De acordo com a revista The Economist, de 14 de Fevereiro último, Putin “está a ser ridicularizado e ostracizado pelos seus pares por ser mentiroso” (…), tem o rublo em queda e uma economia em recessão”, já há anos, mas encontra-se de facto a atingir os objectivos que pretende, portanto a vencer os confrontos que entendeu desencadear, “como indisputado senhor do Kremlin”. Abriu a crise da Ucrânia para “redesenhar o mapa da Europa”, infringindo a lei internacional e quebrando os tratados assinados pela Rússia.

De facto, e também segundo a mesma The Economist, “a União Europeia e a OTAN são os objectivos a atingir por Putin. Para ele, as instituições e os valores ocidentais são mais ameaçadores do que os seus exércitos. Pretende deter a expansão desses valores e instituições; corroê-los por dentro, no mínimo na sua frágil periferia; suplantá-los com o seu próprio modelo de governo”.

Mas de forma muito hábil. “De acordo com o que afirma, não foi ele a iniciar a guerra na Ucrânia; apenas se limitou a responder a uma agressão ocidental. A revolta de Maidan e a deposição do Presidente Viktor Yanukovych foi instrumentalizada pelos serviços especiais americanos com a finalidade deslocar a NATO para mais perto da fronteira da Rússia. Depois da expulsão de Yanukovych, também nas palavras de Putin, foram oferecidos ao governo interino 25 biliões de dólares, destinados a colocar misseis defensivos na fronteira com a Rússia, visando modificar a relação de forças nucleares a favor dos EUA. Nessas condições, a Rússia não tinha outra opção senão actuar. (…) Não está a combater a Ucrânia, mas a América na Ucrânia (…)”.

“O antiamericanismo não é a única razão para a guerra”. A Rússia também está a “tentar exportar para a Europa a sua ideologia, como no passado exportou o comunismo (…); a língua russa, a cultura russa e a igreja ortodoxa russa”. “Os rebeldes do Donbas estão a lutar não apenas contra o exército ucraniano, mas contra o modo corrupto de vida ocidental, e a defender os diferentes pontos de vista russos”.

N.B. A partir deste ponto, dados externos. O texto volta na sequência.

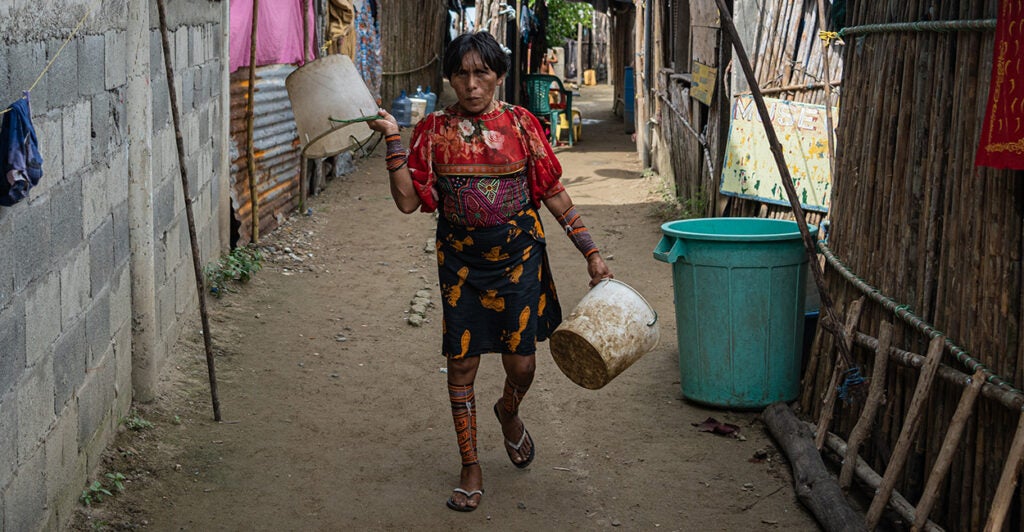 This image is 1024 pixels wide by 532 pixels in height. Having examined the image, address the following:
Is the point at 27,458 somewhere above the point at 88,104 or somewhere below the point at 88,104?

“O método de Putin é um misto de hard power e de soft power”. Portanto também “operações híbridas ou guerra híbrida”. Utiliza capacidades militares em que tem investido fortemente, corrigindo os erros e preenchendo as lacunas detectadas no decurso da guerra da Geórgia, onde se apercebeu de dois pontos importantes: primeiro, a Rússia pode desenvolver hardpower em áreas exteriores à NATO com reduzidos riscos de resposta pelo Ocidente; segundo, havia necessidade de proceder a uma profunda reforma das forças militares russas”.

Segundo a Revista Jane’s, “em 2016 os gastos nominais russos com a defesa serão três vezes os de 2007”. A Rússia pretende lançar um ambicioso programa de dez anos para modernizar o equipamento militar, que tem vindo a sofrer atrasos sucessivos, por virtude da recessão económica que atravessa, em consequência das sanções económicas que lhe foram impostas pelo Ocidente (EUA e países europeus). Esse programa, a que foram atribuídos 300 biliões de dólares, envolve novos tipos de mísseis, bombardeiros e submarinos. O orçamento em defesa e segurança, que habitualmente se situa entre 4 e 5% do PIB, subirá 30%, consumindo mais de um terço do orçamento da federação.

Para a Rússia, a OTAN é o principal inimigo. Têm sido feitos exercícios admitindo, inclusivé, o emprego de armas nucleares.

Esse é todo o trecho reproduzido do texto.